Well, BRAVO Mommy. Applause. Really, well done. Not only did you at first scare the living hell out of me, but now you’re scaring me on a whole new level; by praying about your new breast friends, you’ve actually managed to break your own superficial records and graduated from the “Questionable” to the “Outrageous” category of “The Shallow Games”. Seriously, I hope that your cleavage goes back to match the depth of your personality...
And on that boobshell, let’s close the chapter of me as a baby and move on as I am now taking my first steps towards becoming a man. Yes, that’s me; Mr. Grumpbox el Grandissimo! From now on, Daddy and I have got it covered. We had a good run Mommy, but you can take a step back now as Daddy and I embark on our journey - like Butch Cassidy and the Sundance Kid!
Seriously, I can’t wait to spend more one-on-one time with Daddy who until now, hasn’t necessarily been like Jesus (you know the guy that everyone is talking about, but no one has seen), but also hasn’t exactly been a “Mr. Mom” either. But that’s absolutely fine with me. Sure, when I’m with Daddy, every so often the nappies go on backwards, my dummies are nowhere to be found or I have a burp the size of a football which he fails to acknowledge. But overall, the time spent with Daddy is serious chill-out time. There’s no “lying on my tummy training”, no intrusive body care (I seriously couldn’t care less if my ears need cleaning or not) and most of all, no running in and out of shops looking for the latest “must haves” for Mommy’s closet. No, when I’m with Daddy we hang out like dudes and do things our way. We watch the footie on TV, we lie on our backs for as long as we want and we keep to the basics when it comes to grooming. Nose sprays, cotton pads and q-tips we leave for someone else to have fun with.
As for the feeding, eating with Daddy is the best. No joke.
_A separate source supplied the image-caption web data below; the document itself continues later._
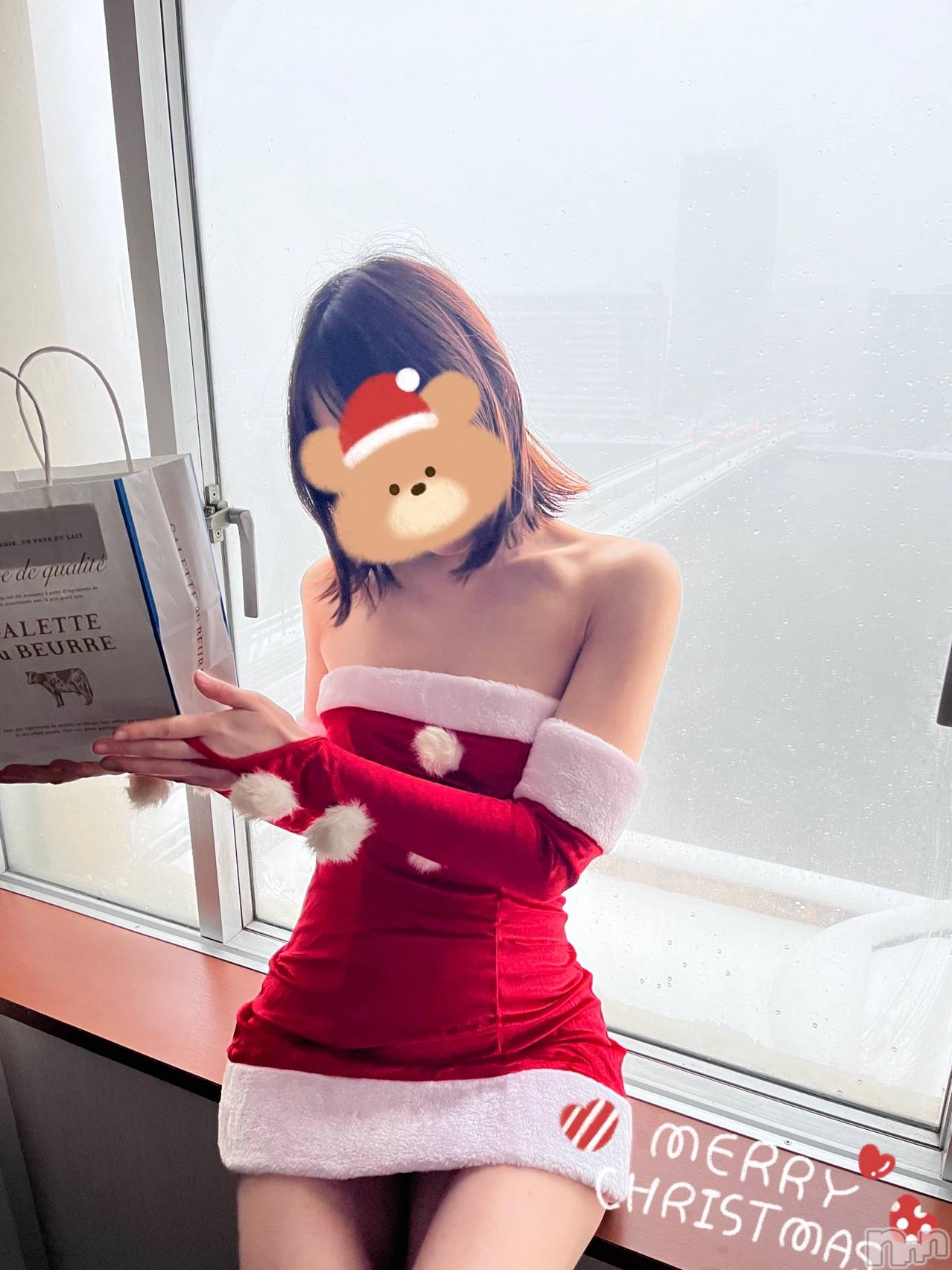 新潟デリヘルBIANCA～主人の知らない私～新潟店(ビアンカニイガタテン)観山　いちか(33)の2023年12月24日写メブログ「Christmas Eveだよー💓」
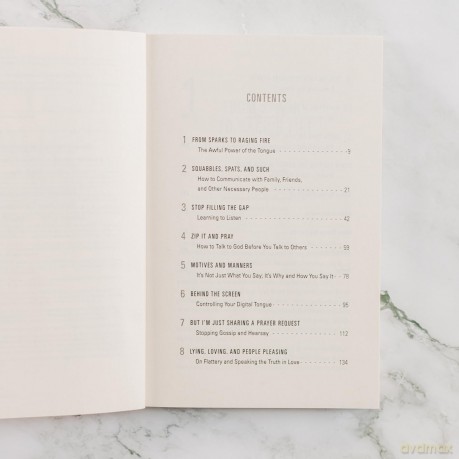 Keep It Shut: What to Say, How to Say It, and When to Say Nothing at All (Updated and Expanded, Including a Bonus 10-Day Devotional) - Karen Ehman [KSIĄŻKA]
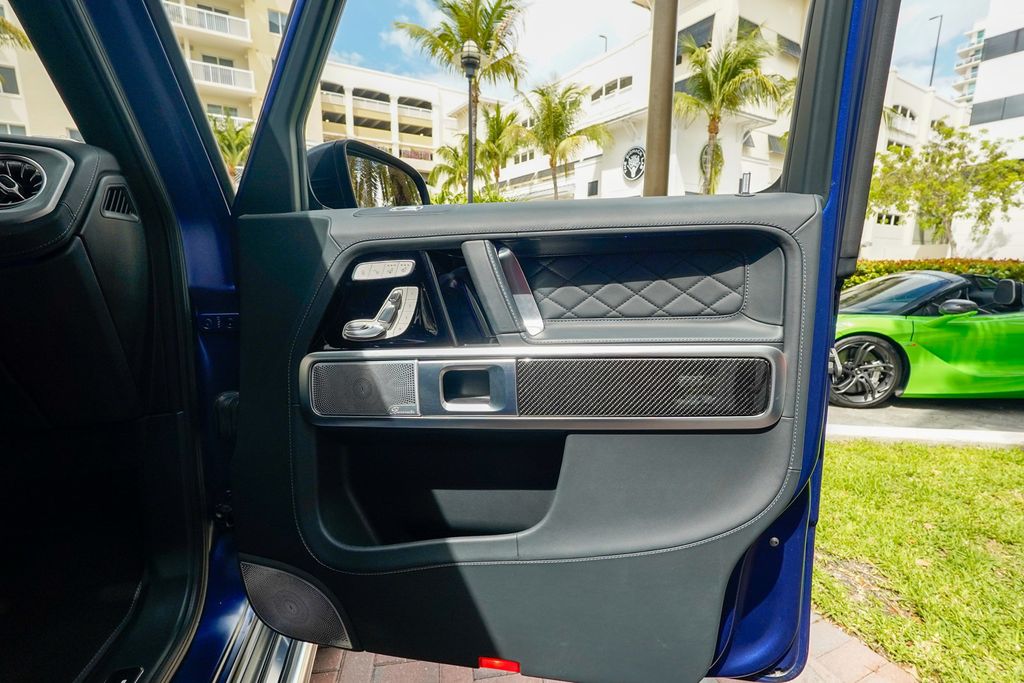 2024 Mercedes-Benz G-Class AMG G 63 4MATIC SUV - 23012233 - 79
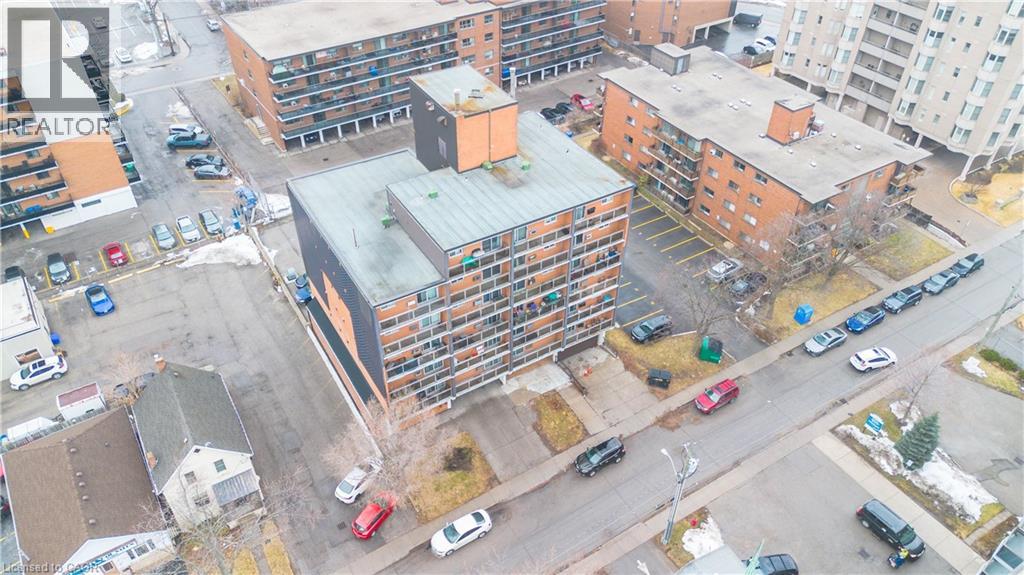 #607 30 SUMMIT AVENUE - 2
All I have to do in order to swap the yellowy sludge-looking veggie puree for a sweet fruit treat, is to close my mouth and turn my head once in each direction. Not one to spend an afternoon coaxing mashed potato and broccoli into my mouth, this cheap trick works without fail as I hear Daddy mumbling to himself that “at least the baby won’t go hungry until Mommy gets back”. Not that Mommy has any supernatural powers allowing her to feed me all those healthy vegetables. Much to my annoyance, she just possesses the persistency of a hungry bulldog with a bone and hence won't give up until the plate has been scraped bare.
Dealing with Mommy’s feeding tenacity is however not the only challenge associated with this growing up and eating thing. For once the carrot and pea mash has been duly consumed, it is inevitable that it also comes out the other end. And THAT my dear friends is a whole new ball game. OMG, now I know why Daddy sometimes takes so long when locking himself into the loo... Jeez! Getting proper food out of your system is some heavy sh*t (if you’ll excuse the pun). Whereas, in my younger days as a pure lactarian, the stuff would almost come out on its own, I now have to brace myself for a daily struggle the likes not seen since the battle of Somme. I mean, all of the sudden, I look like Rebel Wilson swallowing a whole chilli and have noises coming out of me that I didn’t even know I could produce!
Christ, becoming a man is really much harder than I thought. Mommy may be praying to keep her buns, but she has no idea what it’s like to lug ones around that you would much rather lose... So now if You’ll excuse me, I need to get back to business. “Can someone please pass the prune puree?”